In this, the seventh book in Alan Bradley’s Flavia de Luce series, our twelve-year-old detective is sent away to boarding school in 1950s Canada, having been banished from her family home at the end of the previous novel. If you have never read a Flavia mystery before, this is probably not the best place to start; I would recommend reading at least a few of the earlier ones first, particularly the sixth, The Dead in Their Vaulted Arches, so that you will understand the reasons for her banishment and the choice of this particular Canadian school.
Anyway, back to As Chimney Sweepers Come to Dust. Almost as soon as Flavia arrives at Miss Bodycote’s Female Academy in Toronto, she stumbles upon yet another dead body – or rather, this one stumbles upon Flavia when it falls down the chimney in her room, having been dislodged by another girl who has climbed up to hide from a teacher. Why is there a dead body up the chimney? Who is it? Could it be one of the three missing girls who have all disappeared from the Academy over the last year or two? Flavia doesn’t know, but she’s determined to find out!

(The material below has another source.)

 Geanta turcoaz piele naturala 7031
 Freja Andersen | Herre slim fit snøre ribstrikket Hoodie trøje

This is the first book in the series not to be set at Buckshaw, the de Luce ancestral home in the English village of Bishop’s Lacey. I have always found the setting to be part of the charm of these books, so although it was nice to have a change, I did find myself missing Father, Feely, Daffy, Dogger and everyone else from Buckshaw. There are plenty of new characters in this book to take their places – including an enigmatic and intimidating headmistress and a chemistry teacher who has been on trial for murder – but none of them felt as well drawn as the characters in the previous novels.

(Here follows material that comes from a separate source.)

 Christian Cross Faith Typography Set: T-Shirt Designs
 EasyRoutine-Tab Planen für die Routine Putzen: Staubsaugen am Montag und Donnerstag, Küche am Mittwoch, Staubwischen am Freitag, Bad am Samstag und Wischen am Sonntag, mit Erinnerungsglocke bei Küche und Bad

Still, I always enjoy a school setting because it brings back memories of the school stories I loved as a child, such as Enid Blyton’s Malory Towers and St Clare’s books. Maybe Alan Bradley liked that sort of story too and wanted an opportunity to write one of his own; otherwise I’m not sure I really see the point in moving Flavia out of her usual setting. I had expected the storyline involving the Nide, which was introduced in the last book, to be advanced in this one, but actually we learn very little more about it – and what we do learn just made me more confused!
I was pleased to find that this book had a much stronger mystery element than the previous one and although some parts of the mystery didn’t feel fully resolved at the end, it was nice to see Flavia back to making her lists of suspects and searching for clues. Finally, don’t Alan Bradley’s books have great titles? This one is taken from Shakespeare’s Cymbeline: “Golden lads and girls all must, As chimney-sweepers, come to dust”. The title of the next one, Thrice the Brinded Cat Hath Mew’d, is also Shakespeare-inspired. I’m looking forward to reading it – despite not liking the last two books as much as the earlier ones, I do still enjoy spending time with Flavia!
This is Book #2 for my R.I.P. XII challenge.